05/09/04

Os Pequenos e os Grandes Amores

"Uma das obsessões da Vanessa é tentar medir o amor, coisa que os lúcidos evitam, mas não são para aqui chamados. Os amantes lúcidos escapam a uma quantidade enorme de maçadas e nem sequer dão o devido valor ao que têm - falo da lucidez, claro, e não do amor. Eu prezo os lúcidos, principalmente porque não me cansam, o que não se passa com a Vanessa.

O "metro amoroso" sempre fez parte da vida da Vanessa, que eu me lembre é desde a Faculdade. Empunhar o metro a cada novo namorado sempre foi um hábito, e talvez essa prática seja um vício, como o das limpezas.

O meu amor pelo Júlio foi menor do que o meu amor pelo João. Acho eu. E tu?

Mediste como?

Não sabes medir o amor?

Sei lá. E a conversa não me interessa nada. E o que eu devia era medir as distâncias.
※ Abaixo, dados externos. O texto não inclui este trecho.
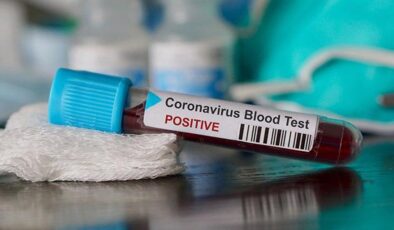 Koronavirüs verileri açıklandı: 191 can kaybı, 13 bin 830 yeni vaka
A sério que não sabes medir o amor?

Nunca pensei nisso.

Mas nunca quiseste identificar o tamanho do amor?

(...) (...)

Oh, estes diálogos sinistros. Já não digo mais nada. Vou-me embora. Vou para casa. As coisas vão ficar pior. A lucidez manda-me recolher aos abrigos. Era, aliás, onde eu já devia estar.

Ó Vanessa, vai medir alguma coisa que se veja. Mede o tamanho das janelas.

E então ela pôs o sorriso a que eu sei que chama o seu "sorriso sábio". O "sorriso sábio" da Vanessa é profundamente irritante, como quase todos os "sorrisos sábios". Eu sei que é um sorriso estudado (há muitos anos, numa época em que dividimos a mesma casa, apanhei-a várias vezes ao espelho a estudar aquilo). E, com o sorriso, veio a sabedoria, que eu dispenso, mas que ela tem por muito útil.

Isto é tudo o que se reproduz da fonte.